### Problem details
Among the records that follow, find the line with "2 kaartjes voor" and the line with "M MZG 450 lbs". Set down those lines and all lines between them exactly, without adding anything.

+++++

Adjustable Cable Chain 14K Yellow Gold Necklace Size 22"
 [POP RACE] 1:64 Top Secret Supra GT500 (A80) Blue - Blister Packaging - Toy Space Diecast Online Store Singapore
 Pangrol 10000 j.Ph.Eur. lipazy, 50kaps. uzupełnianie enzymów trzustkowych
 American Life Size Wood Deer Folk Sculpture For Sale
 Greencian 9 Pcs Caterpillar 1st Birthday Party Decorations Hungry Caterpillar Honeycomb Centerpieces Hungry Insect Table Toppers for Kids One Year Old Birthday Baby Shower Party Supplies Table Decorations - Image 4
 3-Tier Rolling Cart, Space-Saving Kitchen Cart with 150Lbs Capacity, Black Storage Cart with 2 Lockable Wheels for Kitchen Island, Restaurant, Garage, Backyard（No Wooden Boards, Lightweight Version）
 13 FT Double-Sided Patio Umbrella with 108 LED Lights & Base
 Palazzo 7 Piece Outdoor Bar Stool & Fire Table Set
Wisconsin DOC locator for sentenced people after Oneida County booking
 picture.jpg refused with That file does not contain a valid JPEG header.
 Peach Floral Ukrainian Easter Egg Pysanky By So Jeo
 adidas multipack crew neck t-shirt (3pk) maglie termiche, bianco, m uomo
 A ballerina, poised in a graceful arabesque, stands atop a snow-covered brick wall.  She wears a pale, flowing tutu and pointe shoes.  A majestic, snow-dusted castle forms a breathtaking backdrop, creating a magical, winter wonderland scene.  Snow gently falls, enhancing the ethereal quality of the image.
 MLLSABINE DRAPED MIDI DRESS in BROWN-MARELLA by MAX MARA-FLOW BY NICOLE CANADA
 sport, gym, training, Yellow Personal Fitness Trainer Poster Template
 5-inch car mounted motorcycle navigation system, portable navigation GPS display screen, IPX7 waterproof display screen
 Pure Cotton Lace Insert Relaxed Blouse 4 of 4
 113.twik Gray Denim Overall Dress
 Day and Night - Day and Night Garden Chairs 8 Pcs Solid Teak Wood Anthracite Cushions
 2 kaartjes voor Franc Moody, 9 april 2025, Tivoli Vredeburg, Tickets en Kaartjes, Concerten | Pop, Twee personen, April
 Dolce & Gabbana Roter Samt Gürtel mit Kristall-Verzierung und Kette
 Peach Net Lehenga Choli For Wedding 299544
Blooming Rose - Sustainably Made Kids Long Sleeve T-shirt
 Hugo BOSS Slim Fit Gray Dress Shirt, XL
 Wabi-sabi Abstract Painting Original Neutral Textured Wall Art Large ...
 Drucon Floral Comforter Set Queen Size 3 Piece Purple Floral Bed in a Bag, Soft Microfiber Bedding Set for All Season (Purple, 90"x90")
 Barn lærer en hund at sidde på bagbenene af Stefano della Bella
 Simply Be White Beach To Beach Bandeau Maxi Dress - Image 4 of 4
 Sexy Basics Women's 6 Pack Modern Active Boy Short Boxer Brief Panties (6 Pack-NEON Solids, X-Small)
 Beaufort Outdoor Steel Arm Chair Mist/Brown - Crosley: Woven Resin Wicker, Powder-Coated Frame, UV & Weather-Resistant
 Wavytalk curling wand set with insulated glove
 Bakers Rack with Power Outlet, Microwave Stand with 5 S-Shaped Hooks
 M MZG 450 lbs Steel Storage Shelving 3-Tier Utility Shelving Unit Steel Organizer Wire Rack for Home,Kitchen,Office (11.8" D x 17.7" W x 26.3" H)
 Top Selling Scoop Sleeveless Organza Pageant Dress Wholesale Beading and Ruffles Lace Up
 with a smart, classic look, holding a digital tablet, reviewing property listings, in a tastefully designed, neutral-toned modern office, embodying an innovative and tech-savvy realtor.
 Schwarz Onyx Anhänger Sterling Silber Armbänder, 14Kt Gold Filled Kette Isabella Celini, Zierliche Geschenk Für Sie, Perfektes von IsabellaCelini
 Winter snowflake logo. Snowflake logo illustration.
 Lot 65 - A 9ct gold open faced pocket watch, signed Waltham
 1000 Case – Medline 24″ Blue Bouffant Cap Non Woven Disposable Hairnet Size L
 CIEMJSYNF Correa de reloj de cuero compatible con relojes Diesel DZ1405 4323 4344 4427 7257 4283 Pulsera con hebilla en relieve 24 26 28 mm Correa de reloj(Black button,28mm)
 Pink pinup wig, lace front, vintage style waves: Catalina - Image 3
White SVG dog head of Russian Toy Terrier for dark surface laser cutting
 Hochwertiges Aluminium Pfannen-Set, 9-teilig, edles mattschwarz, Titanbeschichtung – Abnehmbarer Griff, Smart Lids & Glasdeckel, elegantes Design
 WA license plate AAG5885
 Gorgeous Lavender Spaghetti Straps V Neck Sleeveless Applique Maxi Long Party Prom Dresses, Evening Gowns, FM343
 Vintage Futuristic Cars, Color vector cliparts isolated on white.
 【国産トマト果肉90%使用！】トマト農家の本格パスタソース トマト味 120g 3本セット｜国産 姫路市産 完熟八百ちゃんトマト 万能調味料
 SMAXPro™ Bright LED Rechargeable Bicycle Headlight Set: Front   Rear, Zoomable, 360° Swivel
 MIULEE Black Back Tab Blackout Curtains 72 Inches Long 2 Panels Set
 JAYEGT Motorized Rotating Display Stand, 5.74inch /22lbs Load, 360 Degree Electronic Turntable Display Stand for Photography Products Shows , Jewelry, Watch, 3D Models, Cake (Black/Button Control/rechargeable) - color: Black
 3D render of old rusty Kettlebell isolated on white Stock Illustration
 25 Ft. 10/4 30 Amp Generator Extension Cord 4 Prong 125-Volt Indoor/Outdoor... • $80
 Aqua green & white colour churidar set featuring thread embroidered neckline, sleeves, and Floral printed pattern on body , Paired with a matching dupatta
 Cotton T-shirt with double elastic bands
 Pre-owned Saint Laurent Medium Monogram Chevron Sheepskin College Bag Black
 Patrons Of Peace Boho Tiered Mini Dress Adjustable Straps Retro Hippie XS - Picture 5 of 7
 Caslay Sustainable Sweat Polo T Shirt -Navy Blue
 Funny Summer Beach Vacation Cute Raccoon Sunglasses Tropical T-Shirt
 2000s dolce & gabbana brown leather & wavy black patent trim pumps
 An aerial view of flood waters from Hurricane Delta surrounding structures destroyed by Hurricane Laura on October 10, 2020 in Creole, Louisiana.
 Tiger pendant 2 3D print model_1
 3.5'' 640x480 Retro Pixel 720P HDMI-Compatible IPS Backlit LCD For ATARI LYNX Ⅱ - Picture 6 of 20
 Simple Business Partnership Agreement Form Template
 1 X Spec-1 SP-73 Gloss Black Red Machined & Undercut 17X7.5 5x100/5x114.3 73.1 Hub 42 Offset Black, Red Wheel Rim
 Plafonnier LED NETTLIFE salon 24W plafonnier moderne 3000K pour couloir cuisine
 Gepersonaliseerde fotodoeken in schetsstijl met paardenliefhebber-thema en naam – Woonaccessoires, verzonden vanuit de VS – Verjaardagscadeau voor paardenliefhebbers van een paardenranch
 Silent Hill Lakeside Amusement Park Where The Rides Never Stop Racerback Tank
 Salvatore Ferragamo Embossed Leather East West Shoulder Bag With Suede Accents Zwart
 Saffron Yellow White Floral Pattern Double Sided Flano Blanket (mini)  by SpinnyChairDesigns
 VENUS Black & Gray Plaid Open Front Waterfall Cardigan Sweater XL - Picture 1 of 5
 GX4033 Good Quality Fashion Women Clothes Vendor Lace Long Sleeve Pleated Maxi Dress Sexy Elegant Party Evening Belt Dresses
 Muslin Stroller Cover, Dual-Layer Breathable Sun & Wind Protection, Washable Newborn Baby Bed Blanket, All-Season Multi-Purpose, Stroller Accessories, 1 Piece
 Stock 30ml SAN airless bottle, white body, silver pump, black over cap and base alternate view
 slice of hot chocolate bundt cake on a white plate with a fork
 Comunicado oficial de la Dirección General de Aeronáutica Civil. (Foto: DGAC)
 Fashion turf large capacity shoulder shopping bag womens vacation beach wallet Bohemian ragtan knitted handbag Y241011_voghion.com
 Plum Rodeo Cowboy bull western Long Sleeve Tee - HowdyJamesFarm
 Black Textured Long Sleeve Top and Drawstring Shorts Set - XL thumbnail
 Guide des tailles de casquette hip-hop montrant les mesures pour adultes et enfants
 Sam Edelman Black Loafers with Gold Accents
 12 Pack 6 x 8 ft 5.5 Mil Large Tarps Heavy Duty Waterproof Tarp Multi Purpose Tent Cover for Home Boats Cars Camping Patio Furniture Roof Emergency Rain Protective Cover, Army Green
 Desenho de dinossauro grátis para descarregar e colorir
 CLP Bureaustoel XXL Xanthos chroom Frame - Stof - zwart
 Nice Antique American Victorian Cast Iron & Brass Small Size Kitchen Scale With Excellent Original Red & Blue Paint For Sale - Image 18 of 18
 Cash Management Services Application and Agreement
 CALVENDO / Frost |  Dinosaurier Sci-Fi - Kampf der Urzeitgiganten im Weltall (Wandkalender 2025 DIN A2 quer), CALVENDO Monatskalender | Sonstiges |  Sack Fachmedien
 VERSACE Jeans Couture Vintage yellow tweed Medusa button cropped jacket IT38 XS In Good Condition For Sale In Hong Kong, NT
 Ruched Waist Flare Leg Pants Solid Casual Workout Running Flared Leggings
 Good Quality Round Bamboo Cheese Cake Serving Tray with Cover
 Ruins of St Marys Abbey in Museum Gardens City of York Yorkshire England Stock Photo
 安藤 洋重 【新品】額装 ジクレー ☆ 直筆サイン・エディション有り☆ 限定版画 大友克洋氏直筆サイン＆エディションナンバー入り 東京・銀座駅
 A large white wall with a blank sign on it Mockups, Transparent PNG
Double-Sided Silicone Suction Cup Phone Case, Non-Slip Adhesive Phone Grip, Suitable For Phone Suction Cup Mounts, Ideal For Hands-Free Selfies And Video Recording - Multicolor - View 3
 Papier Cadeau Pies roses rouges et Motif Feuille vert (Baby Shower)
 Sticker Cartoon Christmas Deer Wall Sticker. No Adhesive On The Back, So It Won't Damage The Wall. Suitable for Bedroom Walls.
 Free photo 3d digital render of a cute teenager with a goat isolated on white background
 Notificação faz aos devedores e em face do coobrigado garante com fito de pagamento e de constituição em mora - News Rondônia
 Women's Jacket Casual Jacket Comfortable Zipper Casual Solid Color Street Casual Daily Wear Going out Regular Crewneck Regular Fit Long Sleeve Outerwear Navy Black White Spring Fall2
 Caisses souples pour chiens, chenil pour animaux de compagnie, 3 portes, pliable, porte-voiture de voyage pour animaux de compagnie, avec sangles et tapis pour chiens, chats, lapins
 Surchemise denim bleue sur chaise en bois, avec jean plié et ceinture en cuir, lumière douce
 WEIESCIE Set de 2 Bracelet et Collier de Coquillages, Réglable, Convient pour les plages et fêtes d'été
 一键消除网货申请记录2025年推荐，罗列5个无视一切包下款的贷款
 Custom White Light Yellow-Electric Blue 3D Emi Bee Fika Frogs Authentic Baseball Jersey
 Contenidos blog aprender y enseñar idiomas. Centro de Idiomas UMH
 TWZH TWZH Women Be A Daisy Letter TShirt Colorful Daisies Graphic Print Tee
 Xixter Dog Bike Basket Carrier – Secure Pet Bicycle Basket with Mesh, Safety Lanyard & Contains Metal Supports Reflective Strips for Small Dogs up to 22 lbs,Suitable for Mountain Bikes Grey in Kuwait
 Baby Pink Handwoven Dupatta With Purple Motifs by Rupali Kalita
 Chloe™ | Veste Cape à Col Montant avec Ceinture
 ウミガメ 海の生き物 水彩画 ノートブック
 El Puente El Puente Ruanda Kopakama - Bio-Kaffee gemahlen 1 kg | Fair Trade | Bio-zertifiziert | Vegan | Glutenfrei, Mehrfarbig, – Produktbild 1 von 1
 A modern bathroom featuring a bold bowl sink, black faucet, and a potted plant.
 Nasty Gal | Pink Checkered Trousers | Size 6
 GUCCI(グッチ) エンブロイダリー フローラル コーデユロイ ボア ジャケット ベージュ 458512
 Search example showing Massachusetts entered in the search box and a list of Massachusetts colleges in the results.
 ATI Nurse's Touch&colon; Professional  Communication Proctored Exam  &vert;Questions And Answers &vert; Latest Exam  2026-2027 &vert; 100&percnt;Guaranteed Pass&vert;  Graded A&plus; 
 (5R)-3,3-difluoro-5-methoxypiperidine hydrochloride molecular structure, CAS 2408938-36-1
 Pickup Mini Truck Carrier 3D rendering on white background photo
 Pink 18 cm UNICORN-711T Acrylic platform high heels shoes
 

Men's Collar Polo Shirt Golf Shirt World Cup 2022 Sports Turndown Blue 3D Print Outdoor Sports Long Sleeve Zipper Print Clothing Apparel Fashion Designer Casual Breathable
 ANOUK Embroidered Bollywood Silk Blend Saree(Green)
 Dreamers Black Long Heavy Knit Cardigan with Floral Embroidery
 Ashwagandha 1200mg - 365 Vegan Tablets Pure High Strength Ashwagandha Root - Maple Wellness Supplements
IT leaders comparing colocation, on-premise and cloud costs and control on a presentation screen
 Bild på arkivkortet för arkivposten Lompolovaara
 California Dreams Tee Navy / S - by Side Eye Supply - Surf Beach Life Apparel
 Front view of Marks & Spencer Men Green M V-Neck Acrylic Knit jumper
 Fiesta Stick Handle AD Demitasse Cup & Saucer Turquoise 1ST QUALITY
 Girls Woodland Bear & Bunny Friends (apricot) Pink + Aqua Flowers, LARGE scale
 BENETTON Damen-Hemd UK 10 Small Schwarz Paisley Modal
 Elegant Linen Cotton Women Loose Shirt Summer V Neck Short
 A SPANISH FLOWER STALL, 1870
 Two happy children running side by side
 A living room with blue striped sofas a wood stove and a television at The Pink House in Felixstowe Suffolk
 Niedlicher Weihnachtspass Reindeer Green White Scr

+++++

### Answer for the task
 2 kaartjes voor Franc Moody, 9 april 2025, Tivoli Vredeburg, Tickets en Kaartjes, Concerten | Pop, Twee personen, April
 Dolce & Gabbana Roter Samt Gürtel mit Kristall-Verzierung und Kette
 Peach Net Lehenga Choli For Wedding 299544
Blooming Rose - Sustainably Made Kids Long Sleeve T-shirt
 Hugo BOSS Slim Fit Gray Dress Shirt, XL
 Wabi-sabi Abstract Painting Original Neutral Textured Wall Art Large ...
 Drucon Floral Comforter Set Queen Size 3 Piece Purple Floral Bed in a Bag, Soft Microfiber Bedding Set for All Season (Purple, 90"x90")
 Barn lærer en hund at sidde på bagbenene af Stefano della Bella
 Simply Be White Beach To Beach Bandeau Maxi Dress - Image 4 of 4
 Sexy Basics Women's 6 Pack Modern Active Boy Short Boxer Brief Panties (6 Pack-NEON Solids, X-Small)
 Beaufort Outdoor Steel Arm Chair Mist/Brown - Crosley: Woven Resin Wicker, Powder-Coated Frame, UV & Weather-Resistant
 Wavytalk curling wand set with insulated glove
 Bakers Rack with Power Outlet, Microwave Stand with 5 S-Shaped Hooks
 M MZG 450 lbs Steel Storage Shelving 3-Tier Utility Shelving Unit Steel Organizer Wire Rack for Home,Kitchen,Office (11.8" D x 17.7" W x 26.3" H)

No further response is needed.